Task statement:
Keep the images out and copy every entry below exactly.
═══ Data for this exercise
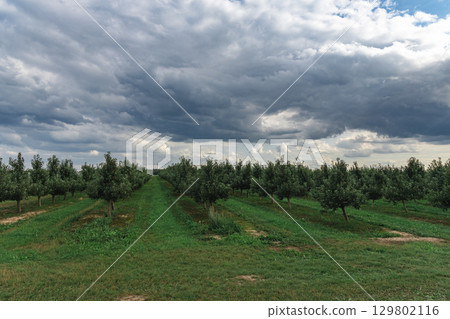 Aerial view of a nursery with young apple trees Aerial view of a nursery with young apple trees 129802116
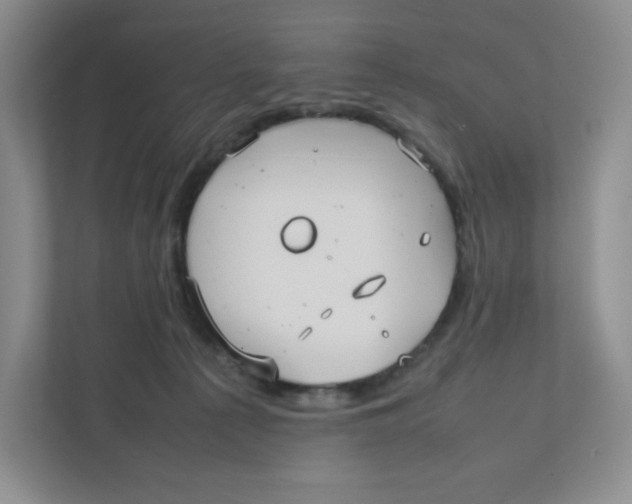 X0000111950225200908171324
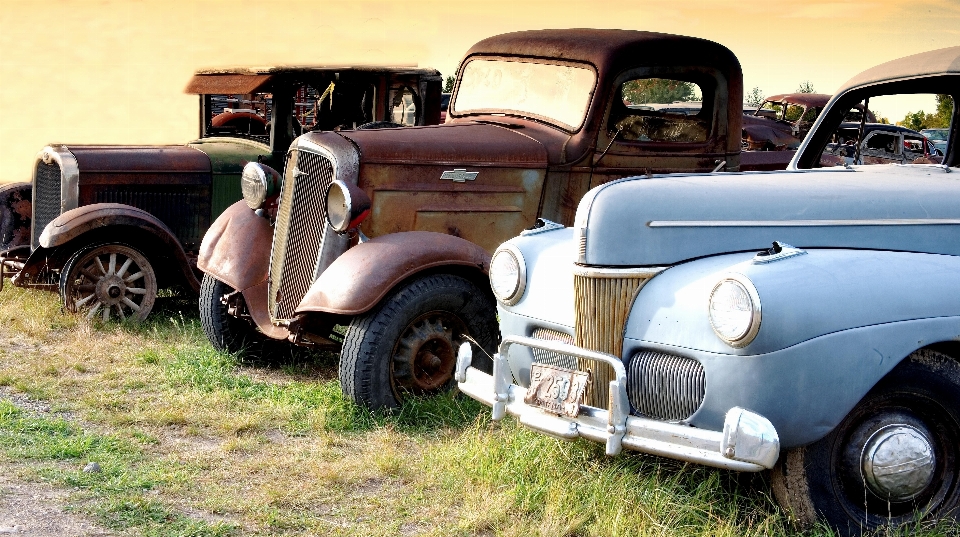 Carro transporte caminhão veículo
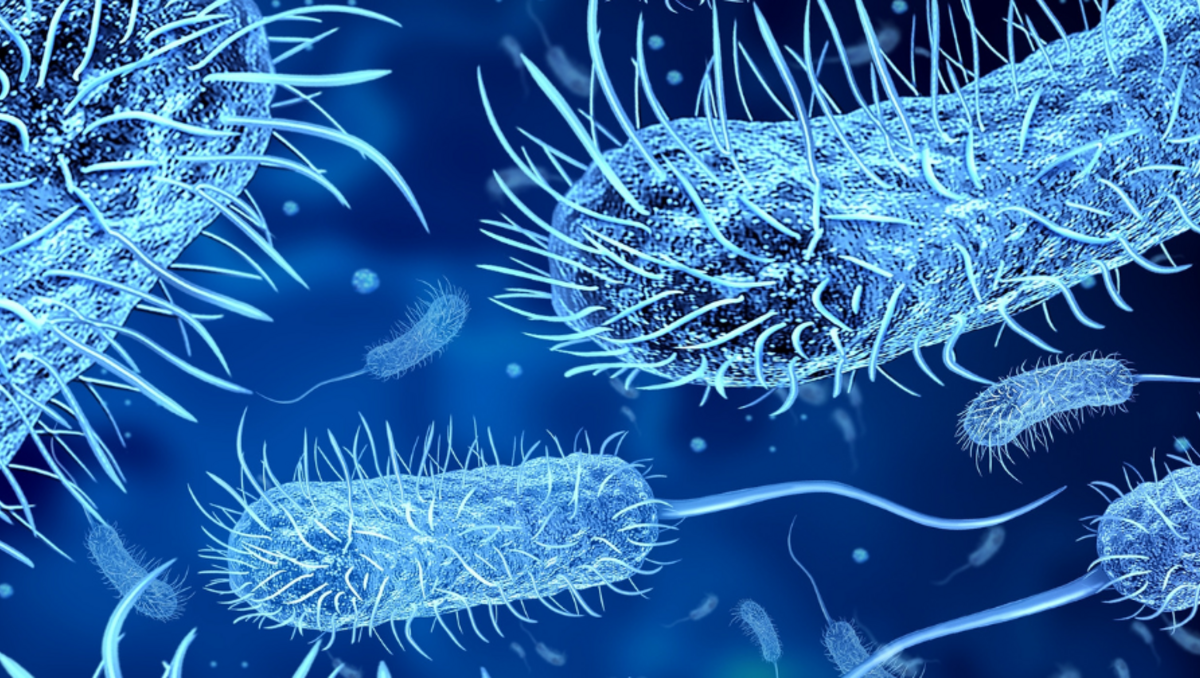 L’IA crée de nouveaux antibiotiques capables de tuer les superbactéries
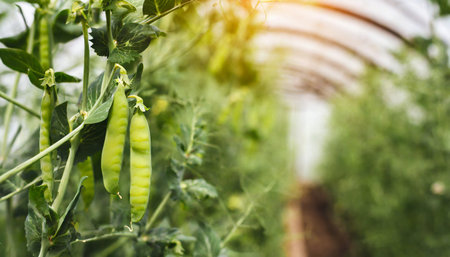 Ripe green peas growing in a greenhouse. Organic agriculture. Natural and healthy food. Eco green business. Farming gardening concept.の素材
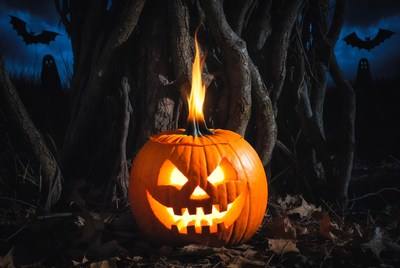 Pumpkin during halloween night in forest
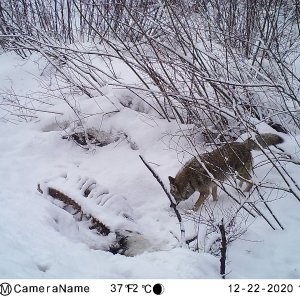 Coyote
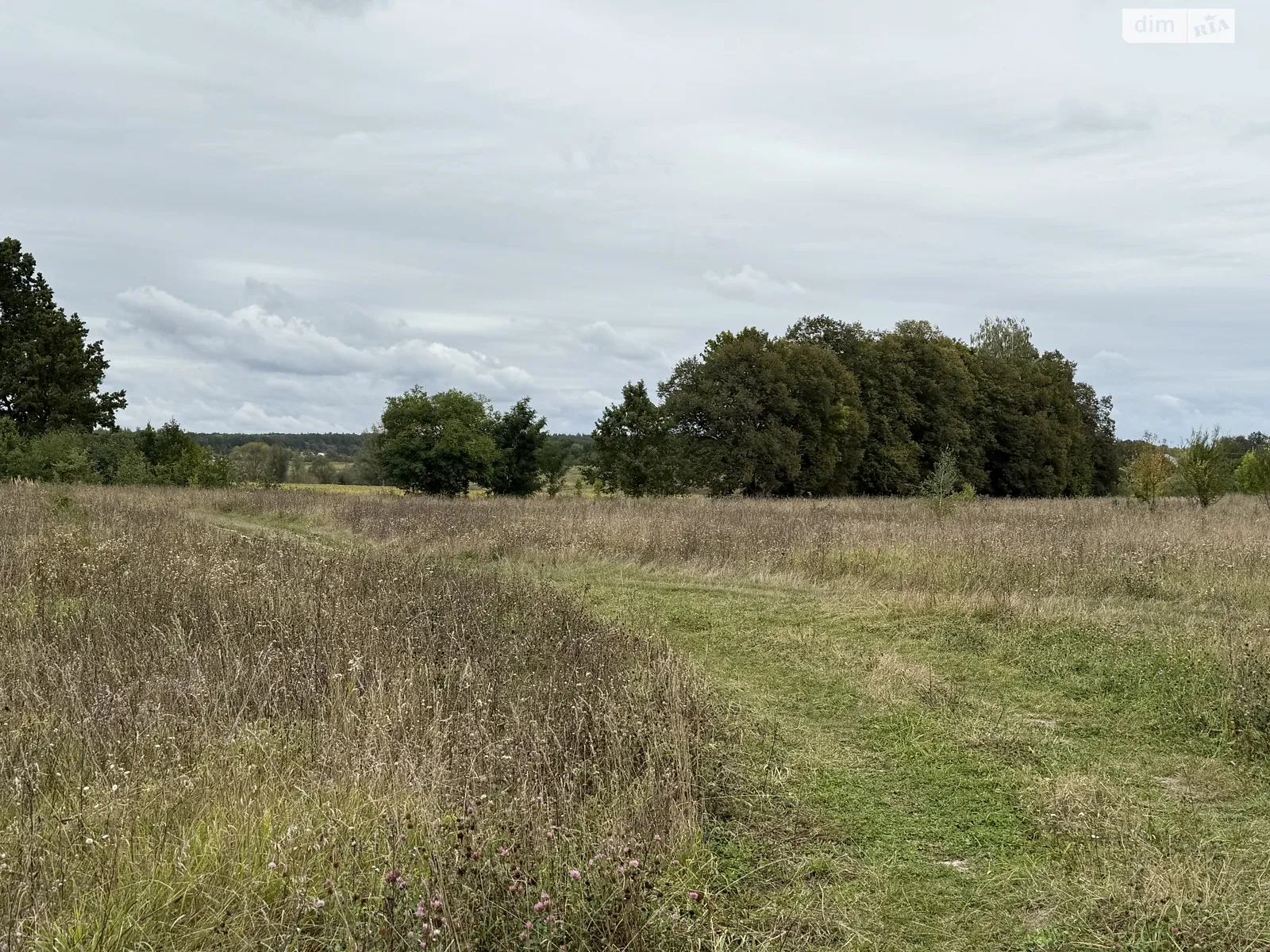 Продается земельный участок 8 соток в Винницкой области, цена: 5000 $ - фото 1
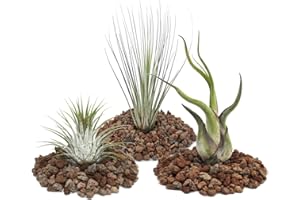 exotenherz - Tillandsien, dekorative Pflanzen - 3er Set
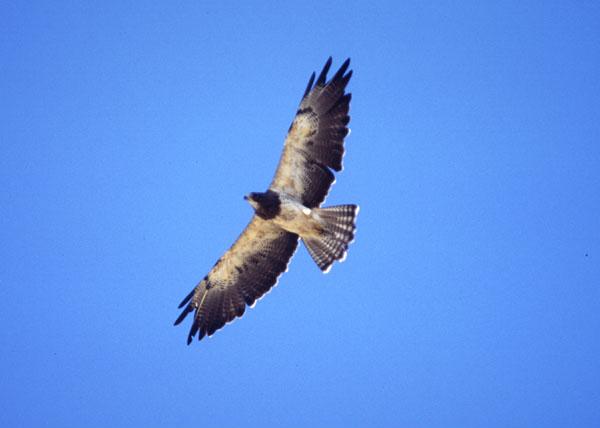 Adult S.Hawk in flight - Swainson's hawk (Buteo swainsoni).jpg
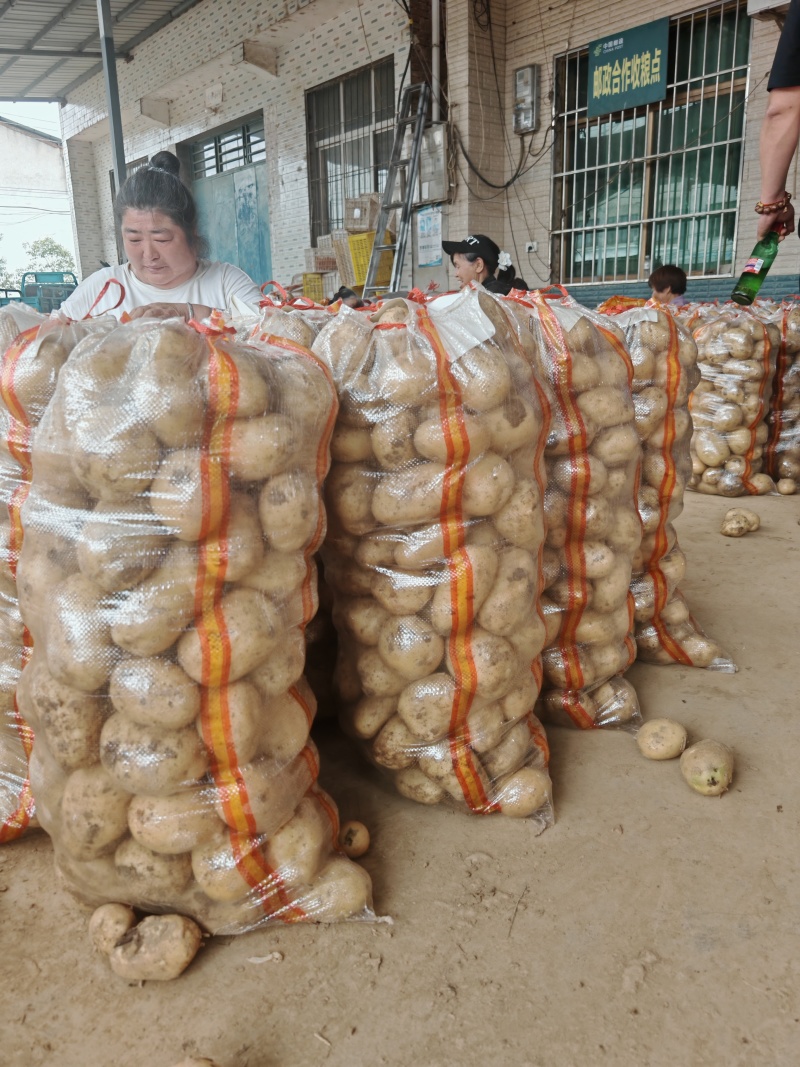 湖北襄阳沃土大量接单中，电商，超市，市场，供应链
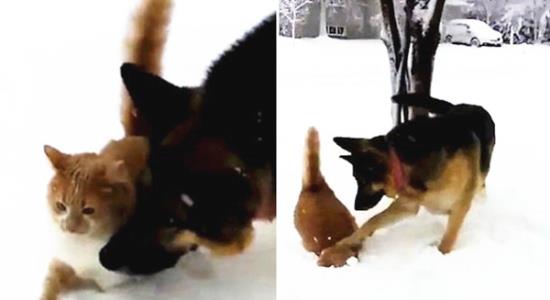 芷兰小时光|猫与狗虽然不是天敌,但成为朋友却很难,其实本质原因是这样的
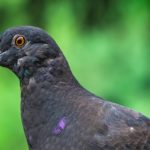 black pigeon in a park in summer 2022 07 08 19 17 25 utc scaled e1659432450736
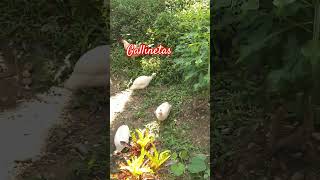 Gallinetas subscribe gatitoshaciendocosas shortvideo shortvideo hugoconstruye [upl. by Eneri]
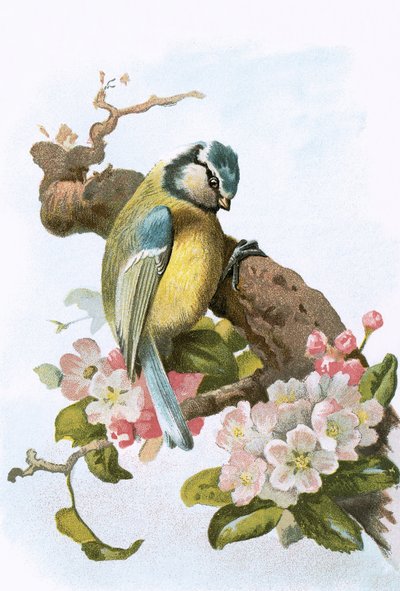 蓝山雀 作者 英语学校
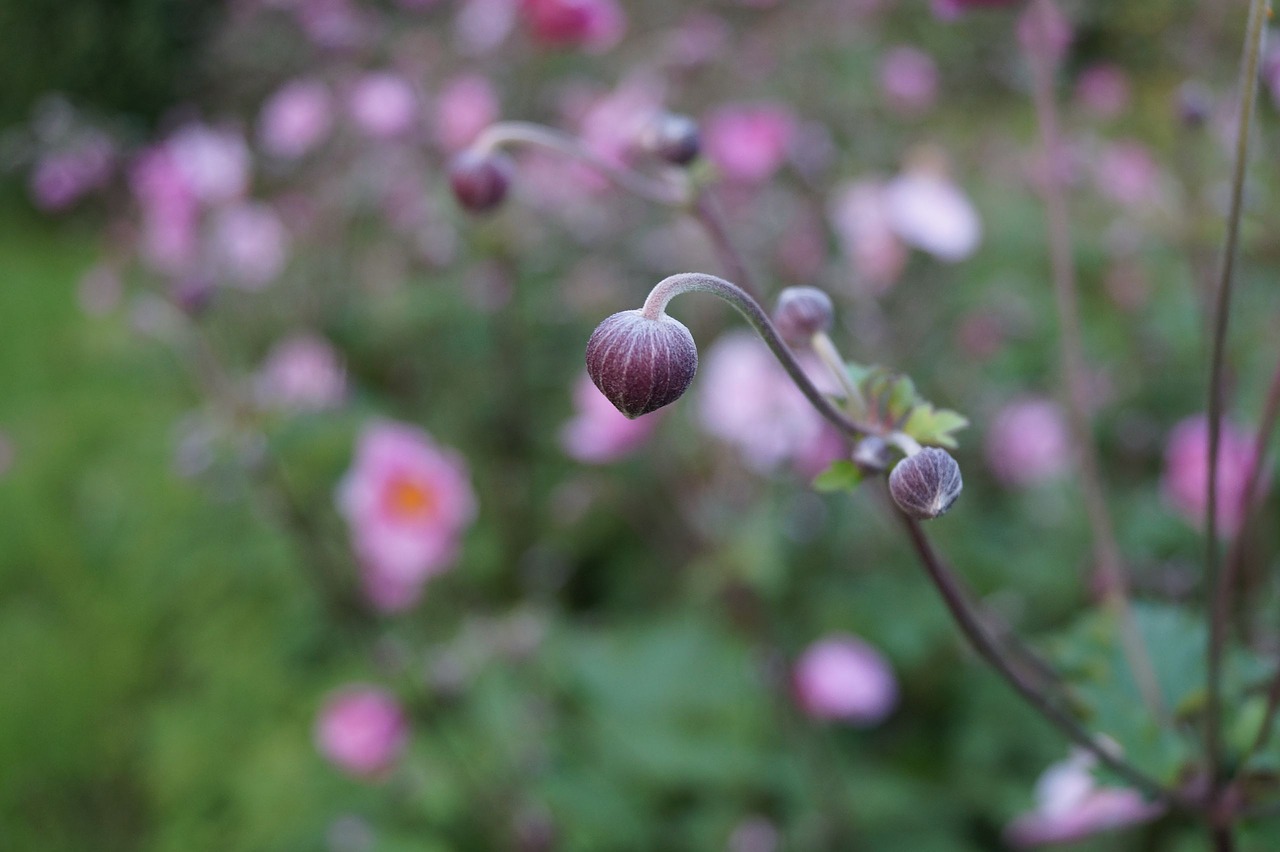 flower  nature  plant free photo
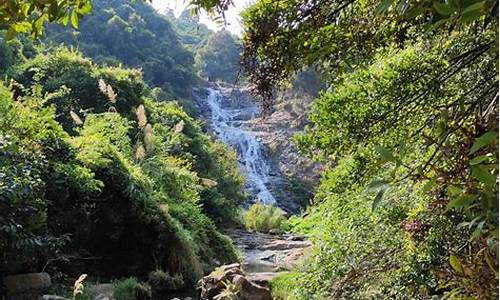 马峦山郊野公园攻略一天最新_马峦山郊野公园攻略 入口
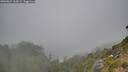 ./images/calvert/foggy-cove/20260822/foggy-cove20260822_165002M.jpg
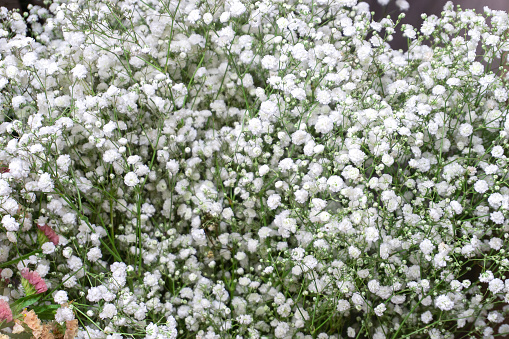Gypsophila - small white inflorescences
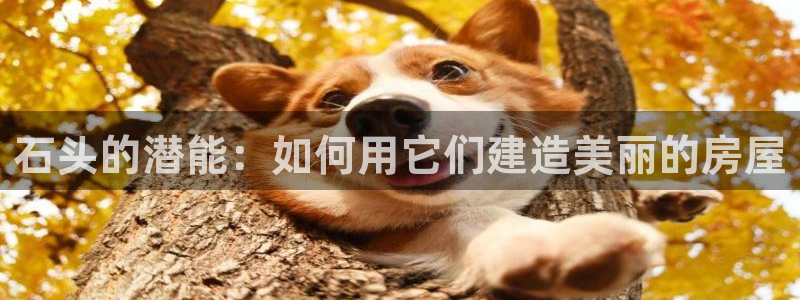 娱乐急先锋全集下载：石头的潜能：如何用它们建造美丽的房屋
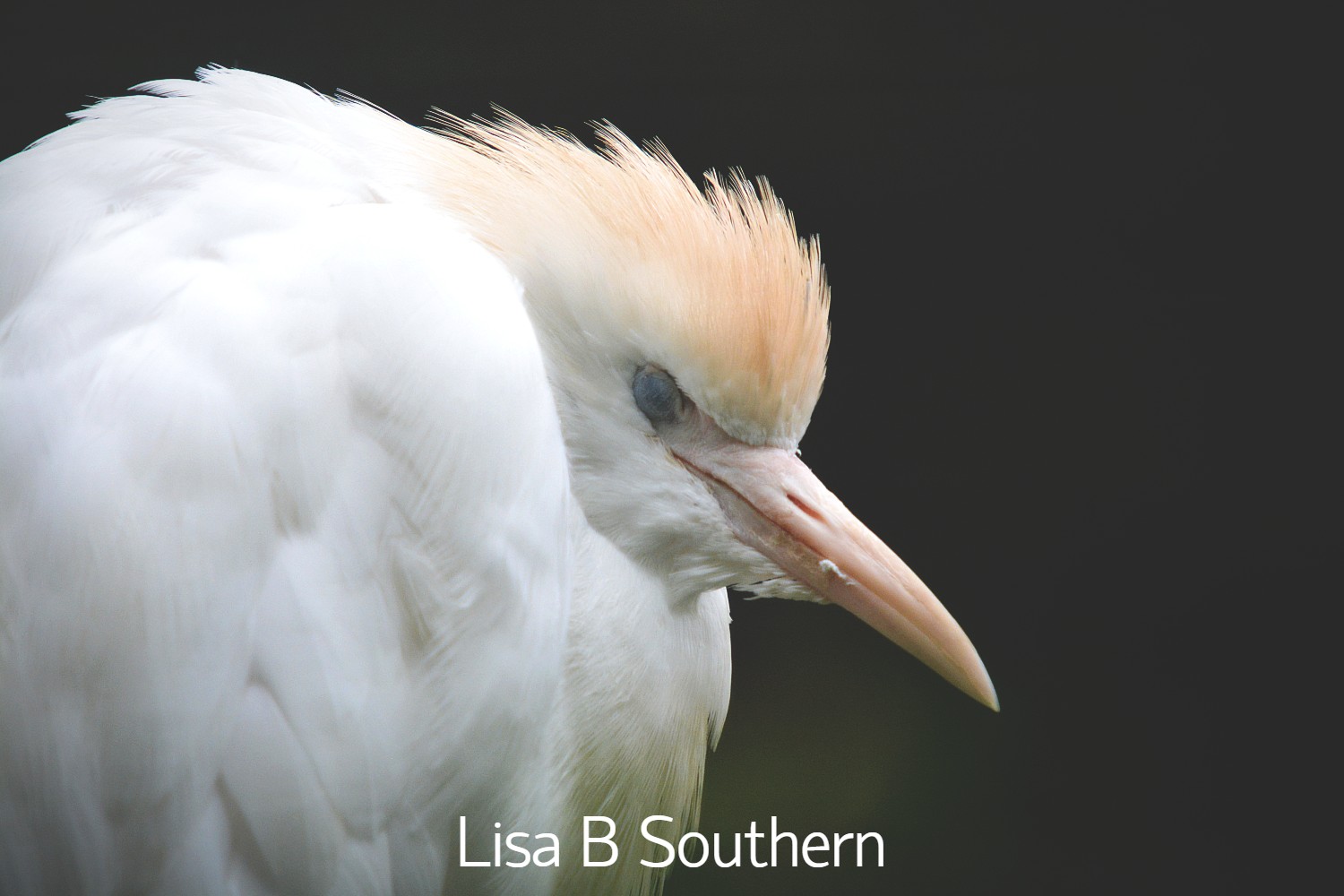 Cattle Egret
══════
Reply:
 Aerial view of a nursery with young apple trees Aerial view of a nursery with young apple trees 129802116
 X0000111950225200908171324
 Carro transporte caminhão veículo
 L’IA crée de nouveaux antibiotiques capables de tuer les superbactéries
 Ripe green peas growing in a greenhouse. Organic agriculture. Natural and healthy food. Eco green business. Farming gardening concept.の素材
 Pumpkin during halloween night in forest
 Coyote
 Продается земельный участок 8 соток в Винницкой области, цена: 5000 $ - фото 1
 exotenherz - Tillandsien, dekorative Pflanzen - 3er Set
 Adult S.Hawk in flight - Swainson's hawk (Buteo swainsoni).jpg
 湖北襄阳沃土大量接单中，电商，超市，市场，供应链
 芷兰小时光|猫与狗虽然不是天敌,但成为朋友却很难,其实本质原因是这样的
 black pigeon in a park in summer 2022 07 08 19 17 25 utc scaled e1659432450736
 Gallinetas subscribe gatitoshaciendocosas shortvideo shortvideo hugoconstruye [upl. by Eneri]
 蓝山雀 作者 英语学校
 flower  nature  plant free photo
 马峦山郊野公园攻略一天最新_马峦山郊野公园攻略 入口
 ./images/calvert/foggy-cove/20260822/foggy-cove20260822_165002M.jpg
Gypsophila - small white inflorescences
 娱乐急先锋全集下载：石头的潜能：如何用它们建造美丽的房屋
 Cattle Egret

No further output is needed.